Distributions of matrix distance as a function of multiallelic LD

The distributions of the matrix distance for the six compared AIP, as function of local multiallelic LD, were also evaluated on the FLW and HCB chromosomes. The matrix distances for the six AIP were calculated at 966 and 14 973 possible target SNPs for the FLW and HCB chromosomes, respectively. The target SNPs were defined in exactly the same way as used for the trained predictor (TP). The matrix distances calculated at each window that harbors a target SNP for the six AIP were then plotted against the multiallelic measure R of LD between the haplotypes and the target alleles within the window.

QTL simulation on FLW chromosomes

The 235 FLW chromosomes were included in N=200 gene-drop simulations, in a 25-generation pedigree for the FLW breed, using the LDSO software [40]. The pedigree was composed of 1594 founders, 3373 sires and 7100 dams. The gene-drop procedure was used to generate different realistic genealogy structures between the chromosomes. For each gene-drop the 235 FLW chromosomes were uniformly distributed, with replacement, among the 1594 founders of the pedigree. Hence, the measured LD structure for mapping among descendant individuals at the end of each gene-drop was almost the same as on the 235 FLW chromosomes. It must be emphasized that the use of replicates of only 235 chromosomes to populate 1594 diploid founders, followed by 25 generations of recombinations events, means that the number of different haplotypes at a position is much lower than 3188 (2 × 1594).
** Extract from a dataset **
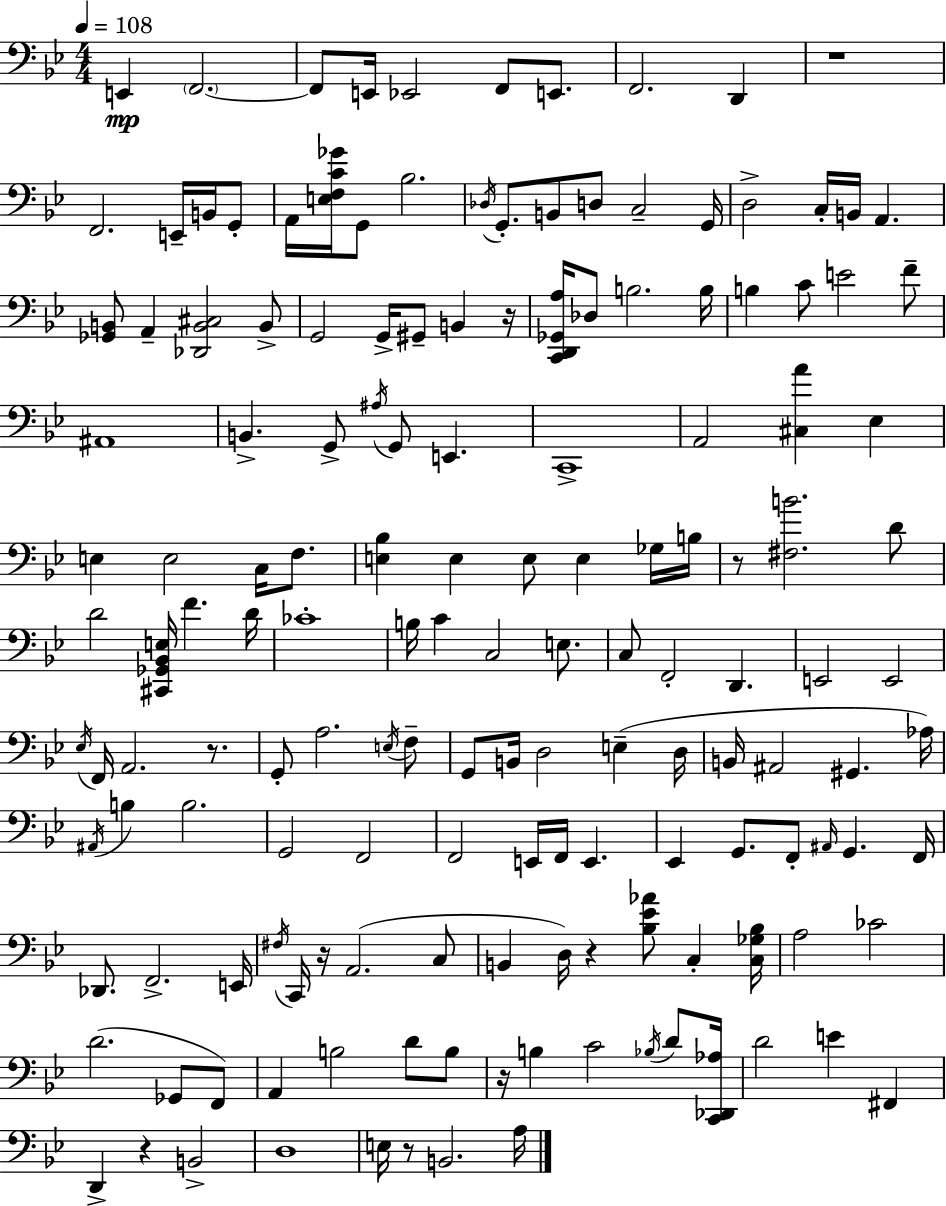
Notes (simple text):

E2/q F2/h. F2/e E2/s Eb2/h F2/e E2/e. F2/h. D2/q R/w F2/h. E2/s B2/s G2/e A2/s [E3,F3,C4,Gb4]/s G2/e Bb3/h. Db3/s G2/e. B2/e D3/e C3/h G2/s D3/h C3/s B2/s A2/q. [Gb2,B2]/e A2/q [Db2,B2,C#3]/h B2/e G2/h G2/s G#2/e B2/q R/s [C2,D2,Gb2,A3]/s Db3/e B3/h. B3/s B3/q C4/e E4/h F4/e A#2/w B2/q. G2/e A#3/s G2/e E2/q. C2/w A2/h [C#3,A4]/q Eb3/q E3/q E3/h C3/s F3/e. [E3,Bb3]/q E3/q E3/e E3/q Gb3/s B3/s R/e [F#3,B4]/h. D4/e D4/h [C#2,Gb2,Bb2,E3]/s F4/q. D4/s CES4/w B3/s C4/q C3/h E3/e. C3/e F2/h D2/q. E2/h E2/h Eb3/s F2/s A2/h. R/e. G2/e A3/h. E3/s F3/e G2/e B2/s D3/h E3/q D3/s B2/s A#2/h G#2/q. Ab3/s A#2/s B3/q B3/h. G2/h F2/h F2/h E2/s F2/s E2/q. Eb2/q G2/e. F2/e A#2/s G2/q. F2/s Db2/e. F2/h. E2/s F#3/s C2/s R/s A2/h. C3/e B2/q D3/s R/q [Bb3,Eb4,Ab4]/e C3/q [C3,Gb3,Bb3]/s A3/h CES4/h D4/h. Gb2/e F2/e A2/q B3/h D4/e B3/e R/s B3/q C4/h Bb3/s D4/e [C2,Db2,Ab3]/s D4/h E4/q F#2/q D2/q R/q B2/h D3/w E3/s R/e B2/h. A3/s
Thus, the results correspond to medium range population sizes. After each gene-drop, only the chromosomes and phenotypes of the n=485 individuals of generation 25 were retained for subsequent analyzes.

Three distant SNPs were chosen as putative QTL, in order to have different LD levels with the six-marker haplotype that surrounds them on the 235 initial FLW chromosomes. Two different QTL effects were simulated for each of these SNPs, thus leading to six different scenarios. The LD between these SNPs and the observed haplotypes that harbored them was measured using the multiallelic measure R of LD. The LD levels around the three SNPs were equal to 0.52, 0.18 and 0.08, and the lengths of the haplotypes harboring them were equal to 0.09 cM, 0.37 cM and 0.75 cM, respectively. Note that these differences in length were due to the different marker densities in the distinct regions that harbor each putative QTL. The length of the region scanned for QTL mapping around each simulated QTL was approximately 3 cM.

The phenotypes in the pedigree were computed as $y_{i} = \frac{1}{2} (p_{i}^{f} + p_{i}^{m}) + ϕ_{i} + g_{i}^{QTL} + δ$ , where $p_{i}^{f}, p_{i}^{m}$ are normal random polygenic effects of the parents with variance 0.5, ϕ_i is a normal random mendelian sampling effect with variance 0.25 and δ is a normal random environmental effect with variance 1. $g_{i}^{QTL}$ is the QTL genotype effect of individual i. QTL genotype effect was first computed as $g_{i}^{QTL} = 2$ or 0 or −2, if the QTL genotype of individual i was a₁a₁ or a₁a₂ or a₂a₂ respectively. In the same way a second set of simulations was carried out with the QTL genotype effect computed as $g_{i}^{QTL} = 0.5$ or 0 or −0.5. Only the gene-drop simulations for which the minor allele frequency at the QTL was greater or equal to 0.1 were retained. Each simulated QTL was verified for Hardy-Weinberg equilibrium during simulations. Hence, under the standard model, where the dominance effect is equal to 0 as in this study, the first simulated QTL effect explained at most 57% of the phenotypic variance for equal frequencies at the QTL. In the same way, the second simulated QTL effect explained at most 8% of the phenotypic variance.

Results

This section gives theoretical and empirical results that show that, compared to others, some AIP exhibit a better behavior for the decrease of their matrix distance, as defined by expression (1), when the multiallelic LD between a tested position and a QTL increases. In summary, the theoretical results show that expression (1) can be written as a function of the multiallelic LD coefficients of R, and that the decreasing behavior of this function depends on the nature of the AIP (see equations (2), (3), (4), (5) and (6) of this section). The empirical results show that R is expected to be highest when the tested position is closest to the QTL (see Figure 2 of this section). The expectation taken for the multiallelic LD was the empirical mean, which was found to converge for distant regions on the chromosomes. These regions can be assumed to be independent, thus showing an expected behavior for the multiallelic LD. The empirical results also show that the tested position that minimizes the matrix distance is highly correlated with the mapping accuracy of the AIP (see sub-section on mapping accuracy and relative efficiency of this section).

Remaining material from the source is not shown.